Captioned web images:
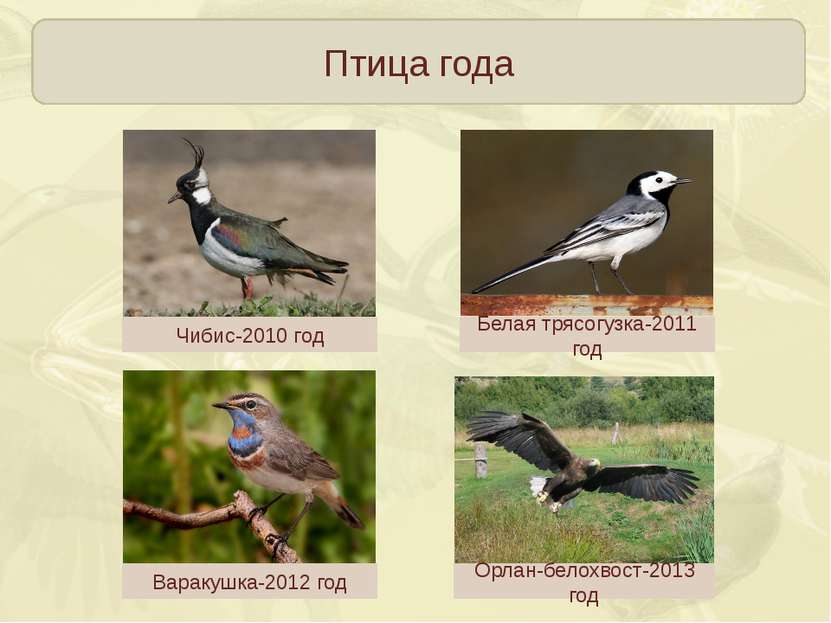 Птица года Чибис-2010 год Белая трясогузка-2011 год Варакушка-2012 год Орлан-...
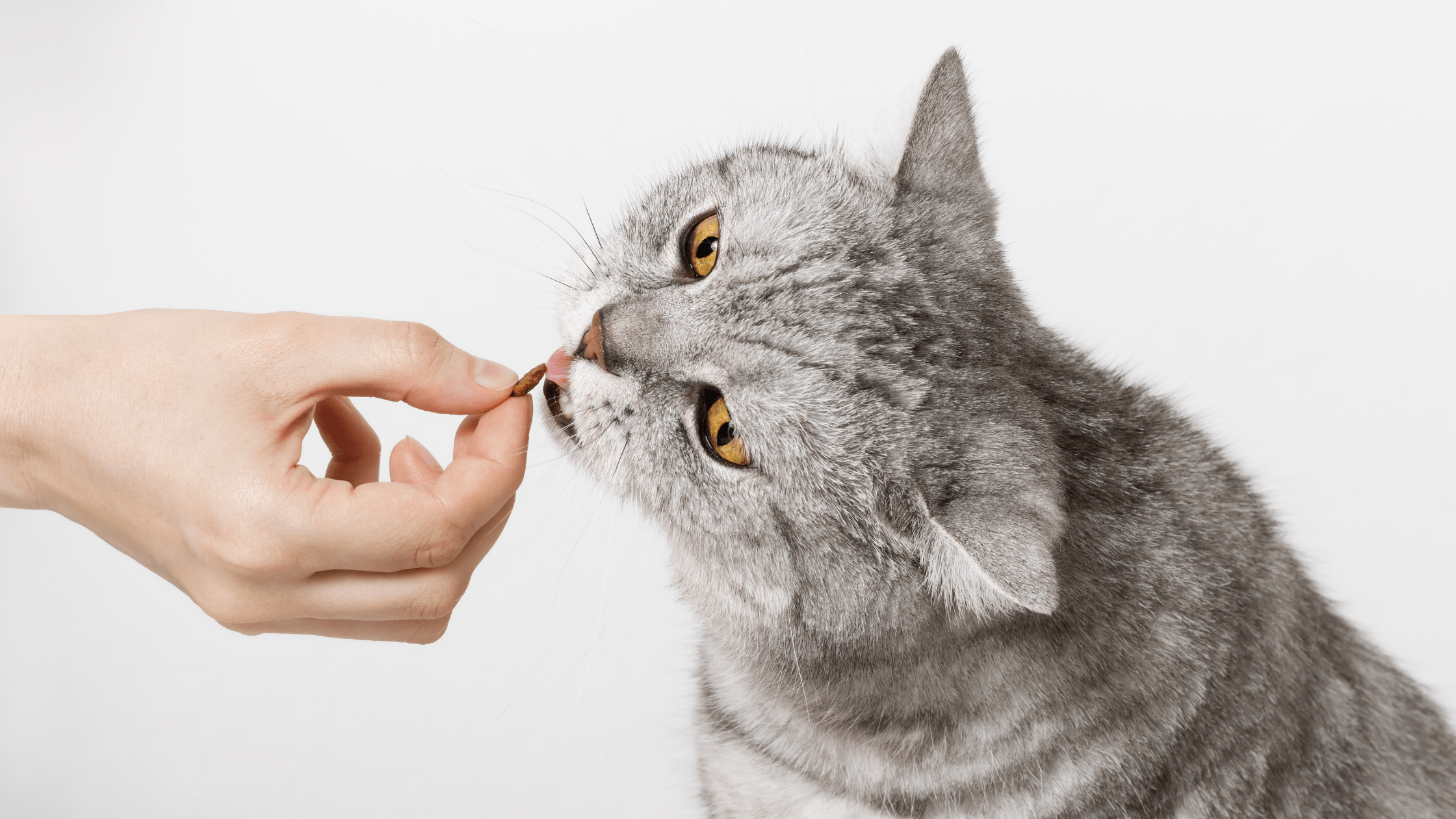 Easy Homemade Dog and Cat Treats with 5 Ingredients or Less
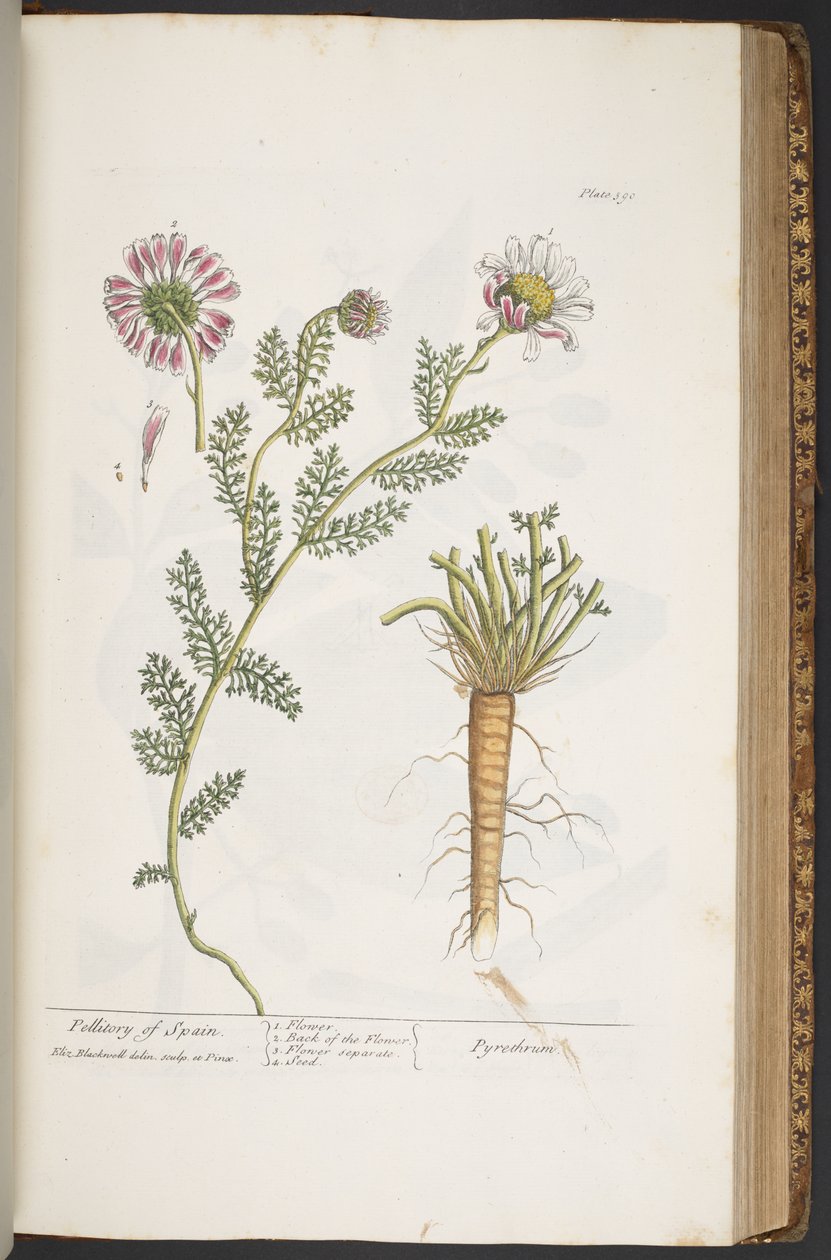 Levy 390, Pellitory of Spain, teoksesta "A Curious Herbal" tekijältä Elizabeth Blackwell
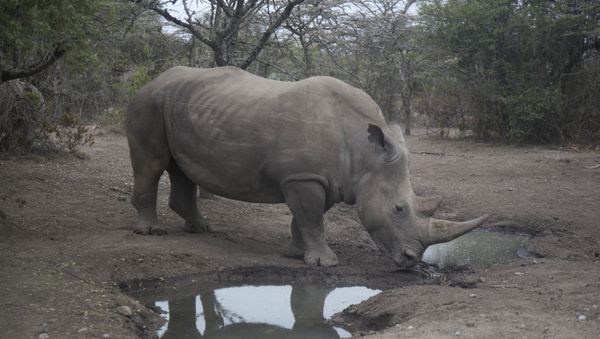 Najin, one of only two female northern white rhinos left in the world, walks in the pen where she is kept for observation, at the Ol Pejeta Conservancy in Laikipia county in Kenya Friday, March 2, 2018 - Sputnik International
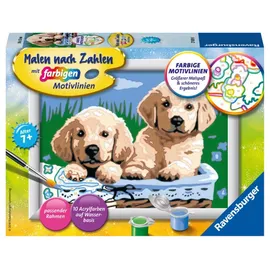 Ravensburger Süße Hundewelpen Malen nach Zahlen 10 St. mehrfarbig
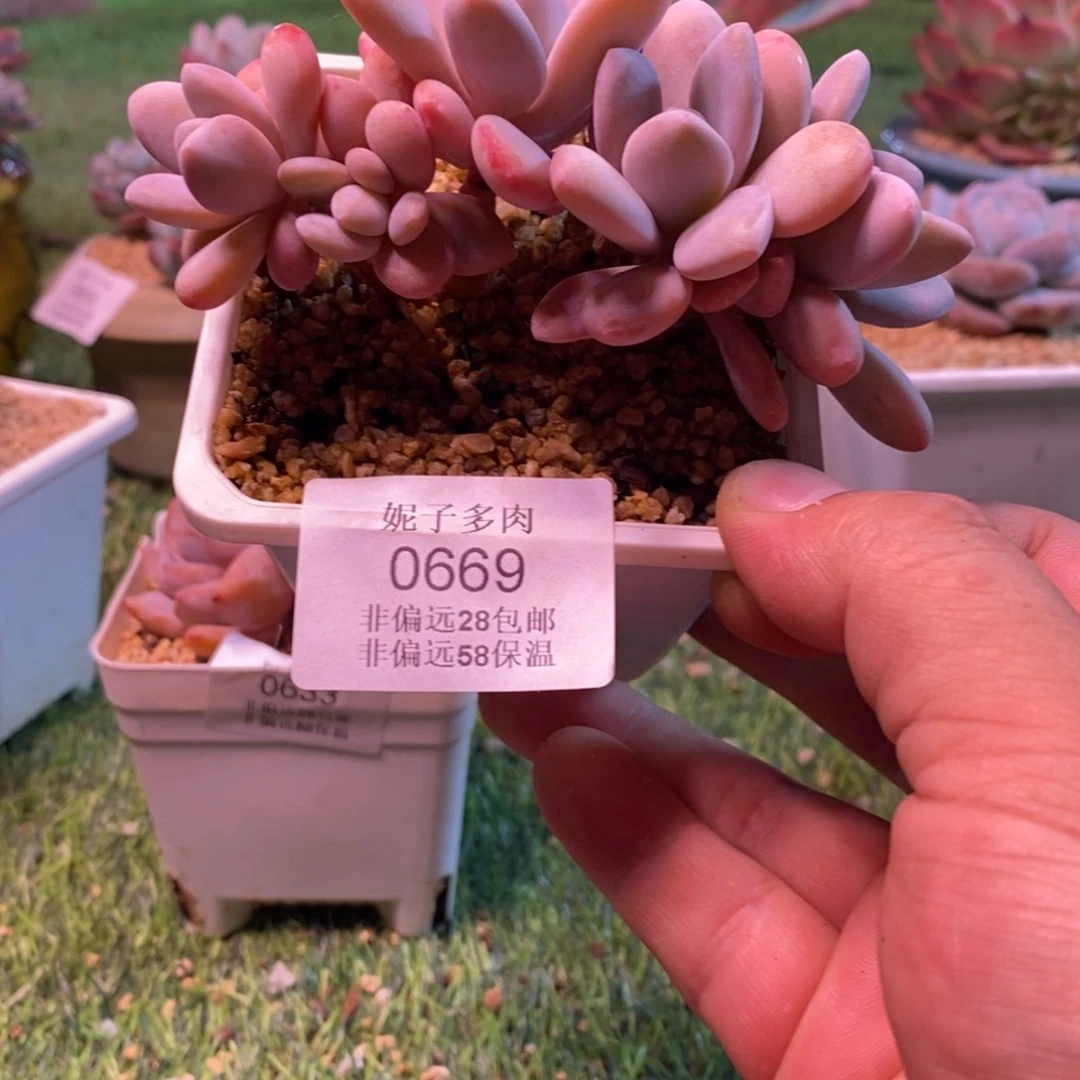 0669啊啊啊啊啊啊啊啊啊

Task item:
What's needed is an exact copy of every entry, free of pictures.

Exercise response:
 Птица года Чибис-2010 год Белая трясогузка-2011 год Варакушка-2012 год Орлан-...
 Easy Homemade Dog and Cat Treats with 5 Ingredients or Less
 Levy 390, Pellitory of Spain, teoksesta "A Curious Herbal" tekijältä Elizabeth Blackwell
 Najin, one of only two female northern white rhinos left in the world, walks in the pen where she is kept for observation, at the Ol Pejeta Conservancy in Laikipia county in Kenya Friday, March 2, 2018 - Sputnik International
 Ravensburger Süße Hundewelpen Malen nach Zahlen 10 St. mehrfarbig
 0669啊啊啊啊啊啊啊啊啊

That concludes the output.